SRAM introduced its lightweight RED road groupset in 2007 and now produces an extensive range of components for road and cyclocross bikes alongside its mountain bike groupsets.

SRAM’s road groupset range comprises four main groups: Apex, Rival, Force and RED  (in ascending order of price). All of its road groupsets now include a hydraulic disc brake option. Its three top-tier groupsets – Rival, Force and RED – are also available in 12-speed wireless electronic variants.

With the focus on electronic groupsets, SRAM hasn’t made major updates to its mechanical groupset range for some years now and, as a result, it’s looking a little long in the tooth.

SRAM groupset hierarchy:

  • Apex: 10-speed
  • Apex 1: 11-speed
  • Rival: 11-speed
  • Rival eTap AXS: 12-speed wireless electronic
  • Force: 11-speed
  • Force eTap AXS: 12-speed wireless electronic
  • RED: 11-speed
  • RED eTap: 11-speed
  • RED eTap AXS: 12-speed wireless electronic

SRAM XPLR gravel groupset hierarchy:

  • Rival eTap AXS XPLR: 12-speed wireless electronic
  • Force eTap AXS XPLR: 12-speed wireless electronic
  • RED eTap AXS XPLR: 12-speed wireless electronic

Entry-level SRAM groupsets: Apex

SRAM Apex

SRAM Apex, the American brand’s entry-level road groupset.
Courtesy

Apex is a 10-speed group that features SRAM’s WiFli system. WiFli offers a wide gear range – between 11 and 32 teeth – for the rear cassette (certain SRAM road derailleurs will go as high as a 36t big cog).

That allows SRAM to offer the wide range of gears usually found by using a triple front chainring setup without the extra weight and complexity of a triple. Once a unique selling point for SRAM, other manufacturers are now offering similar setups.

SRAM also offers its Apex group in 1×11 gearing, calling it Apex 1. That is to say, just one chainring at the front and 11 gears at the rear. An Apex 1 rear derailleur can accommodate a cassette with a large 42-tooth cog.
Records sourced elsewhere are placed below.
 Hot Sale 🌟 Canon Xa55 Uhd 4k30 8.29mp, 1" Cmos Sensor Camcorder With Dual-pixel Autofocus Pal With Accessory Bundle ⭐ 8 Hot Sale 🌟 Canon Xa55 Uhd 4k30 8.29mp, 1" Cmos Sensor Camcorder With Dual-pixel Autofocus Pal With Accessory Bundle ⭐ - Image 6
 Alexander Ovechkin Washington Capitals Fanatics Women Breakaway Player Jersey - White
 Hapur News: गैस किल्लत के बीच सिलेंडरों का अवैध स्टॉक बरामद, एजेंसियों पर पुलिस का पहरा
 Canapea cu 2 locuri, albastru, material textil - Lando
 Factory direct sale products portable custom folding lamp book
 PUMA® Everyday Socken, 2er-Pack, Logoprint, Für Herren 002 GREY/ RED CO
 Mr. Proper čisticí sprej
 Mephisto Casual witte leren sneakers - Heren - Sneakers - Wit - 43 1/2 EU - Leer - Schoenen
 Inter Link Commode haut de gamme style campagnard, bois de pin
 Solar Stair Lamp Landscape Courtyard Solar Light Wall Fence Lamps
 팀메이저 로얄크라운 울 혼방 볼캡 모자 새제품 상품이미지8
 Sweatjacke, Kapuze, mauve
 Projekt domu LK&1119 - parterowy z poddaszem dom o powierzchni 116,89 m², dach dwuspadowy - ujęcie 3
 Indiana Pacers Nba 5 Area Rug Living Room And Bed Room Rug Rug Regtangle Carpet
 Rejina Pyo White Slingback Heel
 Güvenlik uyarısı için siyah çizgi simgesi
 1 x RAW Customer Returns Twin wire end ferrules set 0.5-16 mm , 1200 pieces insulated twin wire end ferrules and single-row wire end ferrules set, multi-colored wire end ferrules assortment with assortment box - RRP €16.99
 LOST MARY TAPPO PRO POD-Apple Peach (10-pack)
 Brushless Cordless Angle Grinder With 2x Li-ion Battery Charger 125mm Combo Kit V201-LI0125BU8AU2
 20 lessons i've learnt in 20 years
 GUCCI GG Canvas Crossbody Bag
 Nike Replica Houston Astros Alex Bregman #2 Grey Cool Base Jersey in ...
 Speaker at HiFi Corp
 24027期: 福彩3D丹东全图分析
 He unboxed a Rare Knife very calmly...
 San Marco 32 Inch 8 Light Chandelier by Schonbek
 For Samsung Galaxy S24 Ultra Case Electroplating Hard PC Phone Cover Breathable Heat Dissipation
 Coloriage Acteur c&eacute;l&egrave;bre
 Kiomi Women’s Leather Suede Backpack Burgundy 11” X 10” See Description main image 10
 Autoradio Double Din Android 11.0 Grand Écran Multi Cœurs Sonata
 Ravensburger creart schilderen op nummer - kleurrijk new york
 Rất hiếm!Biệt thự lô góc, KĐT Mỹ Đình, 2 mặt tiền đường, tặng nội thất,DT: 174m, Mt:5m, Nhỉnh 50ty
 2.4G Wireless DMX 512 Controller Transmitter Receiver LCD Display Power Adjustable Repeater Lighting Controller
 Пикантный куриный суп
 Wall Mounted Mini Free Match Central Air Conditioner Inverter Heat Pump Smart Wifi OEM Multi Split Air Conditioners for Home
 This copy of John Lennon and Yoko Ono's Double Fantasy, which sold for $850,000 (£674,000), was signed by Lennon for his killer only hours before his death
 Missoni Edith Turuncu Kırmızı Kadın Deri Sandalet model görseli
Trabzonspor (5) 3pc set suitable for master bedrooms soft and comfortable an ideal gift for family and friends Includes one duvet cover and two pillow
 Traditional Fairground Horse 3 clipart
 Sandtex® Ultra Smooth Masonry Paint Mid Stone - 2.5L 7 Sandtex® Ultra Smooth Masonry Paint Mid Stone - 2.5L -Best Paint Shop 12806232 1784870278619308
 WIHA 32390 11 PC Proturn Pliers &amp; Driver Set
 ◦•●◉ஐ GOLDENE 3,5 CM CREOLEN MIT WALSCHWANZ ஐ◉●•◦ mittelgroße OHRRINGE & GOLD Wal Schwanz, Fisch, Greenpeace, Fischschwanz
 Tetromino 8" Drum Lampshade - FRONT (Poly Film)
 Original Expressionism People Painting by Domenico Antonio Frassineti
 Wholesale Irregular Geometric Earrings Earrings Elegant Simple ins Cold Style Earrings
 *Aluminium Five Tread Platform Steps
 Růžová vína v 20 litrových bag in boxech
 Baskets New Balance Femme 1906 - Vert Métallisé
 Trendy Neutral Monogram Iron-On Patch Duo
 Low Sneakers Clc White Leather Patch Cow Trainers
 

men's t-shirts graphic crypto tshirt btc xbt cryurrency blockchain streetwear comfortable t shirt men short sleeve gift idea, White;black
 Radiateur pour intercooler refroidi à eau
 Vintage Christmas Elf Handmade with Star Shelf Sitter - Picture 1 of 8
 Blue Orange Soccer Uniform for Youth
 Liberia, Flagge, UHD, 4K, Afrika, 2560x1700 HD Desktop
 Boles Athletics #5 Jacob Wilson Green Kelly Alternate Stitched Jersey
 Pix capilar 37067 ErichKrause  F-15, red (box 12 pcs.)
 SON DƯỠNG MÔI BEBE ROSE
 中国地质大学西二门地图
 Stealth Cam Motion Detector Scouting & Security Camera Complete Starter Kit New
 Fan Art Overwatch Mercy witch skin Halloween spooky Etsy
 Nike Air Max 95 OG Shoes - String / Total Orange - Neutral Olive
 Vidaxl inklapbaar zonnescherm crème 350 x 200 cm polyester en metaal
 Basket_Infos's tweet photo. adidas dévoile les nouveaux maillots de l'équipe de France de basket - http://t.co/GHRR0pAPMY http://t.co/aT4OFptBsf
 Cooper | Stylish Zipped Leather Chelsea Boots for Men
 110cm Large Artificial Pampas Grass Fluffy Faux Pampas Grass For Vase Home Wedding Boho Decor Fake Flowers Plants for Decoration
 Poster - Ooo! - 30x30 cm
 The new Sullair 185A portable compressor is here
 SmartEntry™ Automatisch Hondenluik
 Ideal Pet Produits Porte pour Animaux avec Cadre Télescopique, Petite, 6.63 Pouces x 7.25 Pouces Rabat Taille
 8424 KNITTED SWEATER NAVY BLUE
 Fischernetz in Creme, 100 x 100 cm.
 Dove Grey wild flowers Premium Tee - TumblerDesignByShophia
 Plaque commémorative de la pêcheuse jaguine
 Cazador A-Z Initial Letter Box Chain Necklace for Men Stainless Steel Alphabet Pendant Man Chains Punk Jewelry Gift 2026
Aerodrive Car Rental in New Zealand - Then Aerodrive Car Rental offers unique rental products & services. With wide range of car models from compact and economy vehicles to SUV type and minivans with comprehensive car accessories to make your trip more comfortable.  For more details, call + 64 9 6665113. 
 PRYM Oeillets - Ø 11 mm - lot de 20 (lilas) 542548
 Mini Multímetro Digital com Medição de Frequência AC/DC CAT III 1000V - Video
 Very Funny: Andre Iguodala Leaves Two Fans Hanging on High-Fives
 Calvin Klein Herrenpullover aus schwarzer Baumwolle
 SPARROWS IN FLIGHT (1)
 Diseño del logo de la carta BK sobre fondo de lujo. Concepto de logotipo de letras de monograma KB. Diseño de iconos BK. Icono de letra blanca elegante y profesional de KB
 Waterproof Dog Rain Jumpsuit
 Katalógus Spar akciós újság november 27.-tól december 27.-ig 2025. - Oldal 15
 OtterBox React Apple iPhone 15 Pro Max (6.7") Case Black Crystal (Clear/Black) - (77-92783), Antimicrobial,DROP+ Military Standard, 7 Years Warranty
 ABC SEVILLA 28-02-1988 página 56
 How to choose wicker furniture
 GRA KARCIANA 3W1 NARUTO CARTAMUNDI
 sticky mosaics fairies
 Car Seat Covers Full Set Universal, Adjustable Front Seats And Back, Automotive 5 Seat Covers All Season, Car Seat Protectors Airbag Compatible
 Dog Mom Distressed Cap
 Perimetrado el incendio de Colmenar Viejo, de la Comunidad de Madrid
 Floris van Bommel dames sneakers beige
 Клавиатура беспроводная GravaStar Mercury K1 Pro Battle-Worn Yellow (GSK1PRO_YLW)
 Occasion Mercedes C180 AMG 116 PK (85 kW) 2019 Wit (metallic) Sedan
Performance SRAM groupsets: Rival, Rival eTap AXS, Force, and Force eTap AXS

SRAM Rival groupset

SRAM Rival 22 was launched as a direct competitor to Shimano 105.
SRAM

Next up the line is Rival, which can also use a wide range WiFli rear derailleur and cassette, but is made from lighter materials than Apex.

Rival is 11-speed and it can be found with a more common two chainrings at the front (2×11) or just one (1×11).

In 2021 SRAM launched Rival eTap AXS. It adds a third tier to SRAM’s wireless electronic 12-speed groupset line-up and uses much of the same tech as SRAM’s pricier options, offering app-based configuration via a smartphone and a power meter. It’s the cheapest option if you want to go electronic, significantly undercutting Shimano Ultegra Di2.

SRAM Force 1x groupset

SRAM Force 1x groupset.
SRAM

Going up in spec one level, SRAM’s Force group uses lightweight materials such as high-grade alloys and carbon fibre to be a very competitive gear setup.

Like Rival, it’s an 11-speed groupset that can be configured with two chainrings at the front for more gearing range, or one chainring at the front for simplicity. It is still a very popular OEM spec option on gravel and cyclocross bikes.

Vitus Energie EVOS CRS cyclocross bike review groupset

SRAM Force is the brand’s second-tier wireless groupset.
Jack Luke / Immediate Media

In 2019, SRAM added Force eTap AXS to its range, a 12-speed wireless groupset that competes directly with Shimano Ultegra Di2 and offers a power meter option.

Force eTap AXS was initially launched as a pure road groupset but, in 2020, SRAM added lower and wider-range gearing options to cater to gravel and adventure riders. These compete directly with Shimano’s GRX range.

Pro-level SRAM groupsets: RED, RED eTap and RED eTap AXS

While the standard SRAM Red 22 rear derailleur is lighter than the new Force CX1 model, it unfortunately doesn't have the latter's trick clutched pulley cage

RED is still one of the lightest groupsets out there, making it a popular option for the uncompromisingly weight conscious.
James Huang / Immediate Media

SRAM’s RED group is a proven pro-level 11-speed groupset and has been ridden to victory in the Tour de France on numerous occasions. It was launched as a direct competitor to Shimano Dura-Ace and Campagnolo Super Record.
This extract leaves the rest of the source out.